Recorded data

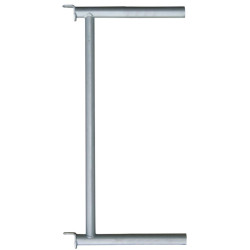 Double extended L-shaped fastening end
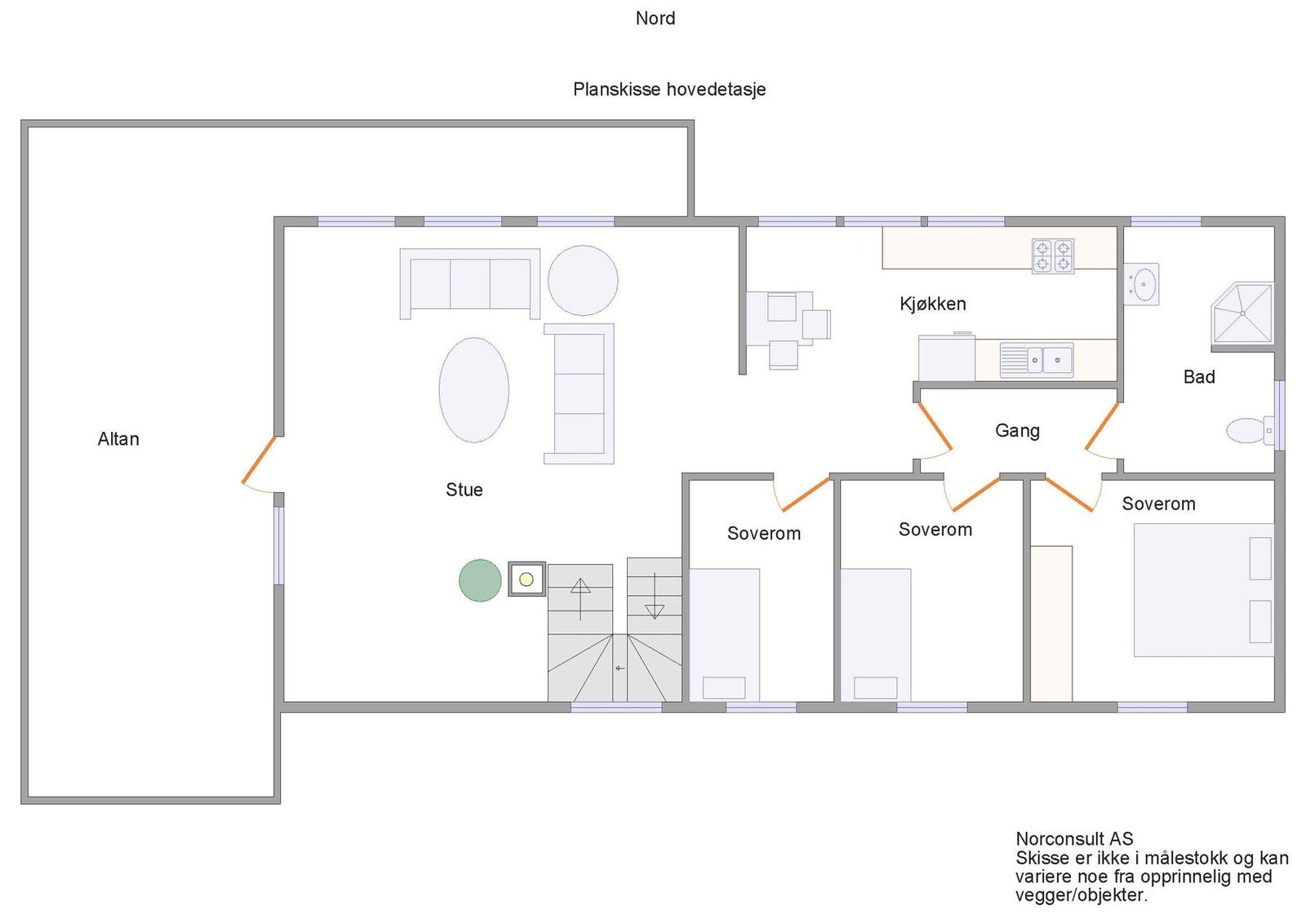 Plan hovedetasje Galleribilde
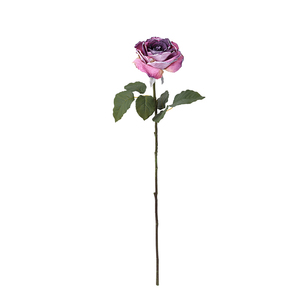 Simüle nemlendirici gül yapıştırılmış tek şube dokunmatik nemlendirici düğün gül kapalı dekorasyon yapay çiçek paket - Product Image 4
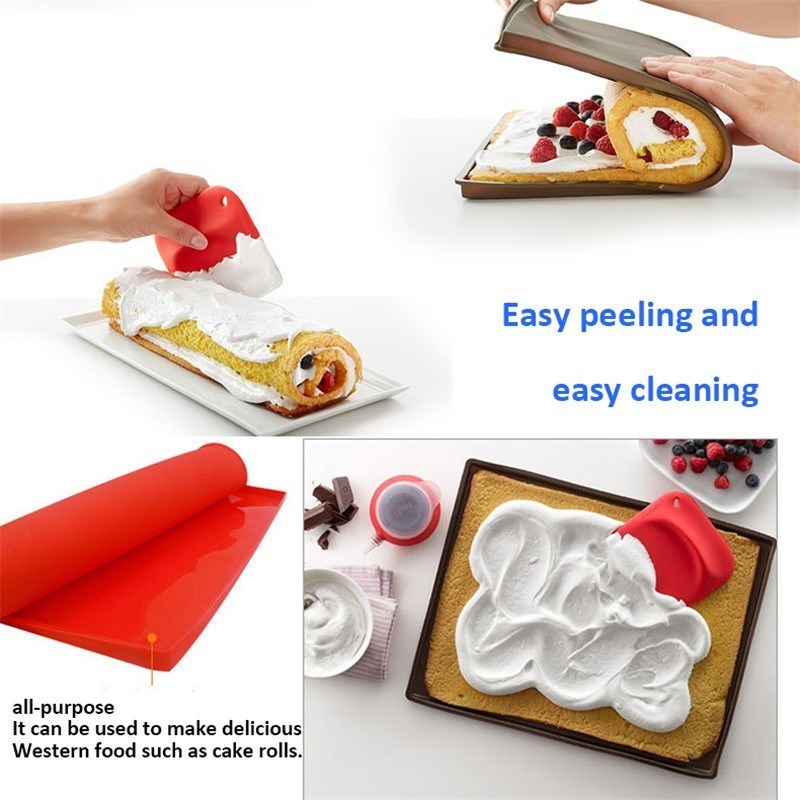 Swiss Roll Silicone Cake Roll Baking Pastry Mat Tools 1Pcs N - 图1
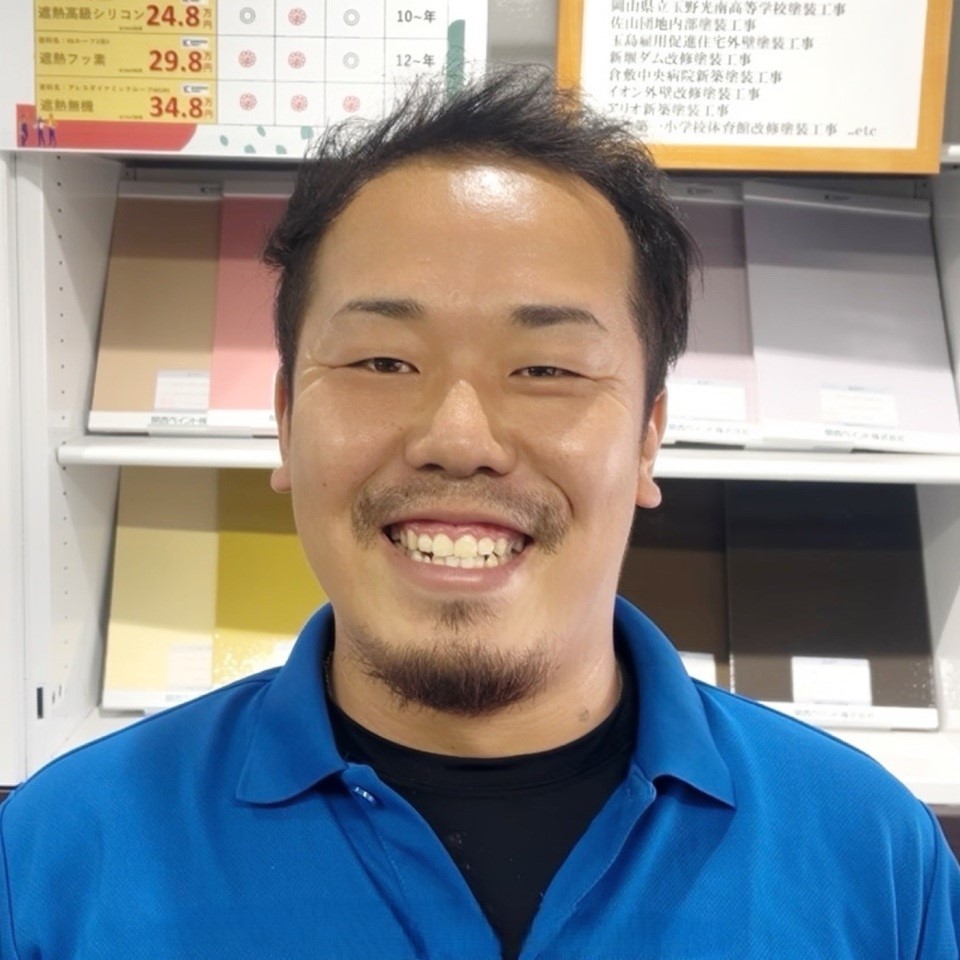 長田 翼 | スタッフ紹介 | 岡山市で外壁塗装・屋根塗装をするなら次世代ペイントへ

## TO DO
Could you copy every record exactly, without the pictures?

## FINISHED TASK
 Double extended L-shaped fastening end
 Plan hovedetasje Galleribilde
 Simüle nemlendirici gül yapıştırılmış tek şube dokunmatik nemlendirici düğün gül kapalı dekorasyon yapay çiçek paket - Product Image 4
 Swiss Roll Silicone Cake Roll Baking Pastry Mat Tools 1Pcs N - 图1
 長田 翼 | スタッフ紹介 | 岡山市で外壁塗装・屋根塗装をするなら次世代ペイントへ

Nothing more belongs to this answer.